Notification

×

Iklan

Iklan

Tag Terpopuler

Ketika Helikopter Kembali ke Langit Aceh, Warisan Masa Kecil pun Hidup Lagi

Sabtu, 13 Desember 2025 | 17:13 WIB Last Updated 2025-12-13T10:13:12Z

Dokumentasi foto saya bersama helikopter yang membawa bantuan bencana banjir di Juli, Kabupaten Bireuen.


 
Detikacehnews.id | Opini - Sudah lama sebenarnya saya tidak mendengar suara helikopter melintas rendah di langit Aceh. Suara itu seperti kenangan yang disimpan rapi. Ada, tetapi jarang dibuka. Hingga akhirnya, sejak bencana banjir besar yang melanda Aceh pada akhir November 2025, deru baling-baling itu kembali terdengar. Helikopter lalu lalang, membawa bantuan, mengevakuasi warga, dan mengantar tamu dari luar daerah karena akses darat terputus akibat banjir dan longsor.


Namun yang paling membuat saya terdiam bukan hanya kehadiran helikopter itu sendiri, melainkan sesuatu yang datang bersamanya, yaitu ingatan masa kecil.


Seketika saya teringat masa kecil saya dulu. Ingatan itu datang begitu saja ketika saya melihat keponakan dan anak-anak tetangga berlarian keluar rumah saat mendengar suara helikopter. Mereka mendongak ke langit, melambaikan tangan, lalu dengan suara lantang mengucapkan kalimat yang sangat saya kenal sejak kecil:


Kapai bi adek keu long saboh…
Kapal, berikan adik untuk saya satu.

Kadang disusul versi lain yang lebih “ambisius” menurut ukuran anak-anak:

Kapai bi peng long saboh guni…
Kapal, berikan saya uang satu karung.


Entah dari mana mereka tahu kalimat itu.

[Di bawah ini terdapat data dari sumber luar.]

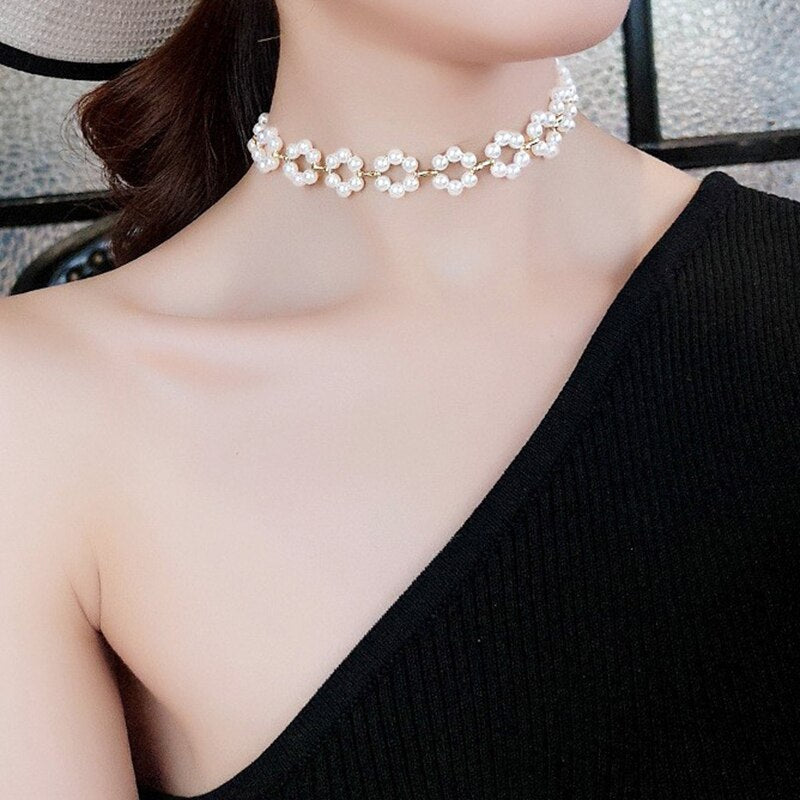 Korean Elegant  Pearl Beads Choker Necklace For Women Girls Flower Crystal ShortNecklace Party Jewelry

Tak ada yang mengajarkannya secara resmi. Tidak tertulis di buku pelajaran, tidak pula diwariskan lewat nasihat orang tua. Namun kalimat itu hidup mengalir begitu saja dari generasi ke generasi. Saat mendengarnya, saya tersenyum. Bukan karena lucu semata, tetapi karena pada detik itu, saya seperti kembali menjadi anak kecil.


Dulu, kalimat itu adalah dunia imajinasi kami. Helikopter kami bayangkan sebagai “kapal dari langit” yang bisa memberi apa saja, adik, uang, hadiah, atau apa pun yang terlintas di benak polos anak-anak. Kami tidak benar-benar berharap itu terjadi. Kalimat itu hanyalah cara sederhana untuk merayakan sesuatu yang jarang, besar, dan terasa ajaib.


Kini, puluhan tahun berlalu, dunia berubah, teknologi semakin canggih, dan bencana datang silih berganti. Namun warisan kecil itu tetap bertahan. Di tengah situasi sulit akibat banjir, di saat helikopter benar-benar membawa bantuan nyata, kalimat masa kecil itu masih terucap dengan tawa, dengan harapan, dan dengan kepolosan yang sama.


Saya menyadari, inilah kekuatan ingatan kolektif. Sesuatu yang mungkin terlihat sepele, tetapi mengakar kuat dalam jiwa. Kalimat itu bukan sekadar candaan, melainkan penanda zaman, penghubung antar generasi, dan bukti bahwa ada nilai-nilai yang tidak ikut hanyut oleh waktu.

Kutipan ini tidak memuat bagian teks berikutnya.